I
- 14 -
21 A UITBREIDING TOERISME EN OPENLUCHTREKREATIE AAN DE VLIET
1. DEELNEMING IN "STICHTING VAARROUTEPLAN BINNENWATEREN WEST-BRABANT"
2. UITVOERING AANLEGPLAATSENPLAN, IE FASE (BENEDENSAS)
Ook gediscussieerd over
Mevr. ONLAND-VAN HAAREN vraagt hoe het staat met de aanleg van een nieuwe brug over de
Steenbergse Vliet.
De VOORZITTER antwoordt, dat de plannen technisch zijn uitgewerkt en de provincie dit jaar nog
met de aanleg wil beginnen. Er wordt thans onderhandeld met de eigenaren van benodigde grond,
waarbij er met één problemen zijn i.v.m. een op- en afrit. Doordat de twee dijken doorgraven
mogen worden betekent de aanleg van de brug ook een verbetering van de verkeersveiligheid. Alleen
in de eindfase zal de weg en dan voor maar enkele dagen afgesloten moeten worden.
De heer VAN REIJEN blijft er wat moeite mee houden, dat er aanzienlijke bedragen aan de
watersport worden besteed ,maar voor de fieters een overgang op het Heense Sas te duur blijkt te
zijn. Omdat de portemonnaie van de meeste mensen wel een fiets maar geen boot toestaat, stoort
hem dat enorm.
Zijn fractie pleit er voor om toch een uiterste krachtinspanning te doen om de recreatie
voor de minder bedeelden zoveel als mogelijk te optimaliseren.

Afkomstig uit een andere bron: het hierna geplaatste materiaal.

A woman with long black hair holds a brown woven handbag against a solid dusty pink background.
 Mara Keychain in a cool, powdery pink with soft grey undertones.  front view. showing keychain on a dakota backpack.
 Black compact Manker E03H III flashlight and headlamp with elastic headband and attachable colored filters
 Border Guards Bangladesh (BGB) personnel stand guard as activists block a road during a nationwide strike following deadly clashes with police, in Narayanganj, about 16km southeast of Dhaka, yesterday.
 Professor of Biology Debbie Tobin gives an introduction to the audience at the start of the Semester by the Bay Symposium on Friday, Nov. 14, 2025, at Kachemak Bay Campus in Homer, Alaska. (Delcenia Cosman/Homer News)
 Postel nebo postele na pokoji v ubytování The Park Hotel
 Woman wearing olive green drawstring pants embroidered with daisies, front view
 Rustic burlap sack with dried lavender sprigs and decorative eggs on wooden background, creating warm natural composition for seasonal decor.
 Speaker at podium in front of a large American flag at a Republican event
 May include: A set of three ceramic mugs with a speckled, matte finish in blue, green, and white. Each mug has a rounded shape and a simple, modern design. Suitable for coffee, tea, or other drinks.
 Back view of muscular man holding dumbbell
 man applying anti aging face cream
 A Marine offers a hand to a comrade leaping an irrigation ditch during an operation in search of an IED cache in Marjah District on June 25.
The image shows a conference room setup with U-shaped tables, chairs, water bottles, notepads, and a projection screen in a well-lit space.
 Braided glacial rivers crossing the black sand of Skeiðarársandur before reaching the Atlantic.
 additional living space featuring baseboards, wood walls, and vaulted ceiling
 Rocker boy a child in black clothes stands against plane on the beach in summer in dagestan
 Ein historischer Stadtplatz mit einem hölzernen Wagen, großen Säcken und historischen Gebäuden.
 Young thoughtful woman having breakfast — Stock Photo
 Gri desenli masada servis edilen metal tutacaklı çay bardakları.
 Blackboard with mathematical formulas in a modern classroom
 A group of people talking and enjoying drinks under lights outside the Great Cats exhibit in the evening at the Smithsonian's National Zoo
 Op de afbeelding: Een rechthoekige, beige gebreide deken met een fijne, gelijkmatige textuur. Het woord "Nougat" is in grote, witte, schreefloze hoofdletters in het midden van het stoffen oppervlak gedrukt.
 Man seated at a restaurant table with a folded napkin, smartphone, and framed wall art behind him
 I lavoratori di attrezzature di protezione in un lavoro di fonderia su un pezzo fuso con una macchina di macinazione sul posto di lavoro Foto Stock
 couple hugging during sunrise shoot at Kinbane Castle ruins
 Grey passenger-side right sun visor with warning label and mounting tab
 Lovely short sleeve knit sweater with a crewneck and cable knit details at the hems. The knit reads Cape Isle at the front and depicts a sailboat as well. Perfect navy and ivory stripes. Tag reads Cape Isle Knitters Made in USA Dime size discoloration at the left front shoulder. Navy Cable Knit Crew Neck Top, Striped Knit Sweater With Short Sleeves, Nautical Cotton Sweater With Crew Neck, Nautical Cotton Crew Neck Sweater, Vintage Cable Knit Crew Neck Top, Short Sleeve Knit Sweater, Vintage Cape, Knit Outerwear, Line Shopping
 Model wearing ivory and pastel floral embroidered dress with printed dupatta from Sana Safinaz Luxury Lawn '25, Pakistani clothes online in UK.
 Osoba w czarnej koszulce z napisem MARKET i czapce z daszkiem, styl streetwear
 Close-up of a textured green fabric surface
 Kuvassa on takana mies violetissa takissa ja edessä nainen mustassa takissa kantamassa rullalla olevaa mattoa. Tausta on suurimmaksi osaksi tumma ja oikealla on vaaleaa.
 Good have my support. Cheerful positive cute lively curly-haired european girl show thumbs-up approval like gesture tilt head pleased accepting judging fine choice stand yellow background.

Hij doet dan ook een beroep op het college om nog eens te bezien of fieters over de Vliet kunnen,
toch minstens met een voetveertje.
De VOORZITTER acht de laatste mogelijkheid reëel als een ondernemer de kans krijgt om op het
eilandje recreatieve activitieten te ontwikkelen. Dat is echter Dinteloord's gebied en die denken
er wat anders over. Hij is toch voornemens nog eens met het hoogheemraadschap aan tafel te gaan
zitten. De verhoudingen tussen dit schap en de gemeente zijn bijzonder goed, zoals de nieuwe brug
aan het Bovensas, de voorzieningen aan het Benedensas en het gemaal aan de Oost-Havendijk wel
aantonen. Hij hoopt toch dat het zal lukken aan het Benedensas een waterovergang te krijgen, want
die kan daar eigenlijk niet gemist worden.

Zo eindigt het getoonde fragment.